He wants it, but sometimes he gets the impression that even if he didn’t, he’d get it anyway.

Arthur scares him, just occasionally, Mick thinks as Arthur drives them back to Mick’s flat. Just sometimes. It’s Mick’s own fault if he’s afraid of his boyfriend, though, obviously - Arthur’s not a terrifying person, Mick’s just projecting his issues onto him, or something. That thought makes him feel even more guilty.

Maybe his parents made him like this, or maybe the unbridged chasm between him and his sister - that’s what Mick thinks when he winces at the feeling of Arthur’s hands on his skin. Maybe it’s a punishment from God, to make him hate what everybody else seems to love. What did he do to deserve it?

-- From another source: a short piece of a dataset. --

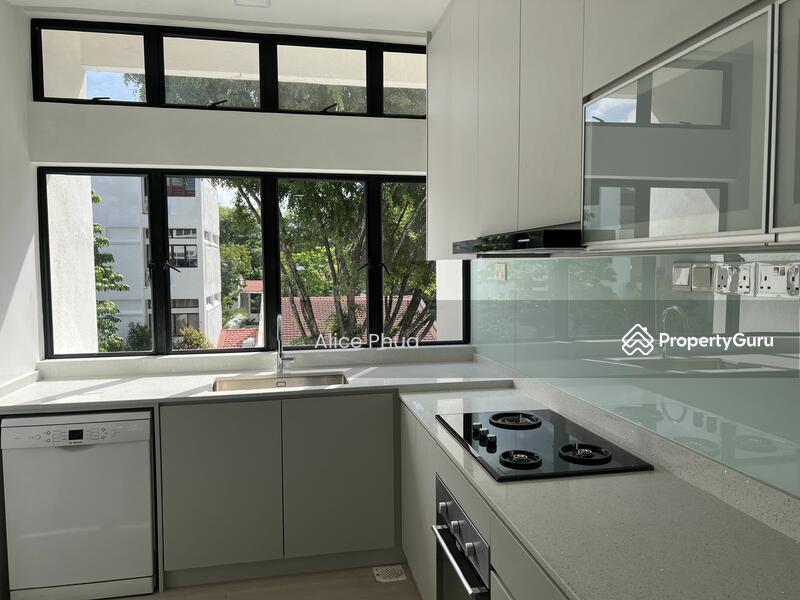 Prop-GPT: Condominium: D21  Clementi Park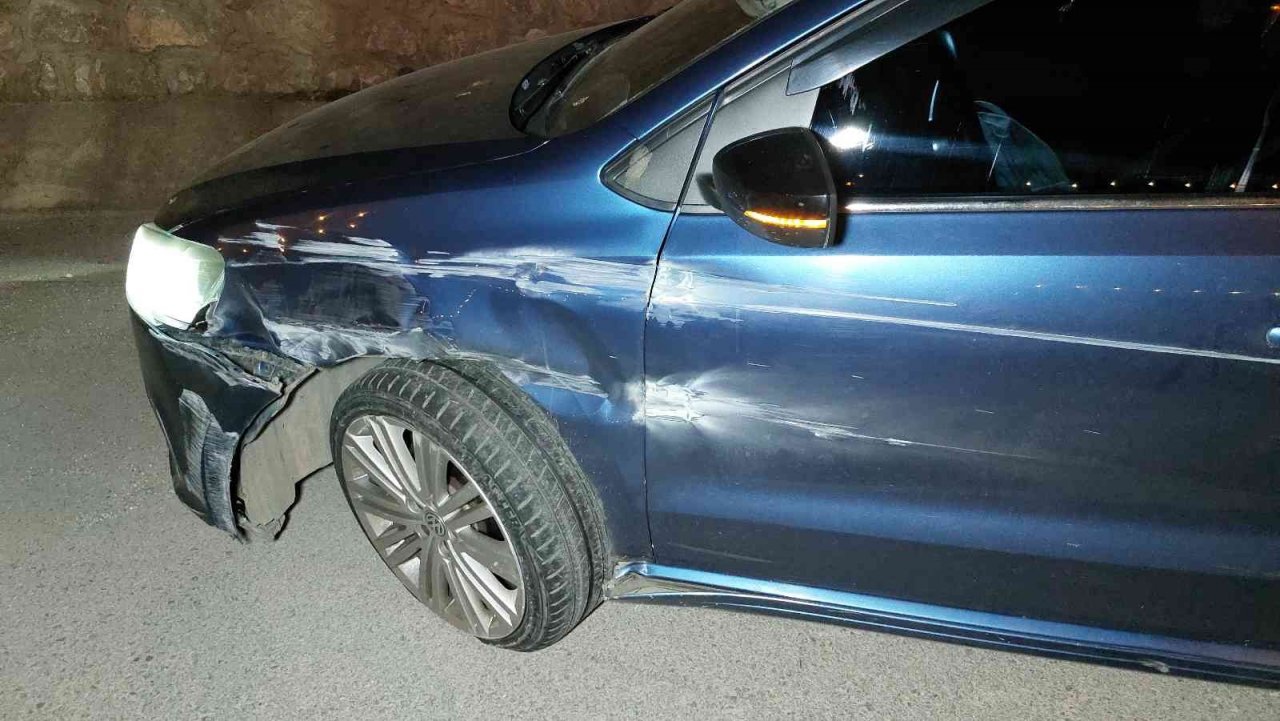 Samsun’da otomobil bariyere çarptı: 1 yaralı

But when Arthur is deep asleep by his side, and Mick is staring at the ceiling, feeling something writhing and curling inside him, he realises this parasite sitting in his stomach is down to him. Nobody else to blame but himself. There’s nobody there, not his parents, or his sister, or the distance from Britain to North Dakota, not the cosmos, not fate, and not God.

Completely, utterly, entirely alone.


	3. it isn't apathy

* * *

_ i just don’t care if i die _

* * *

Life continues to repeat endlessly outwards, unfurling like a carpet without an edge, being unrolled across a floor without a colour, and Mick feels worse.

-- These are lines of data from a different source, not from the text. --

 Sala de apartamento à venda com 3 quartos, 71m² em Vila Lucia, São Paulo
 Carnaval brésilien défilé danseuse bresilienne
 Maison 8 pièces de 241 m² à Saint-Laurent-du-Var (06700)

How is it possible, if he goes through the same routine each day, to feel more and more awful, when he’s only repeating his actions? He guesses it’s like Groundhog Day. Bill Murray, in that movie, he had to feel worse before he could feel better, right? Mick is holding out to feel better, but maybe that day will never come.

Maybe something is wrong with him, something more than what he thought before. He doesn’t care about anything anymore. His sister called. She seems upset. He doesn’t know what to do about it. He’s just... blank.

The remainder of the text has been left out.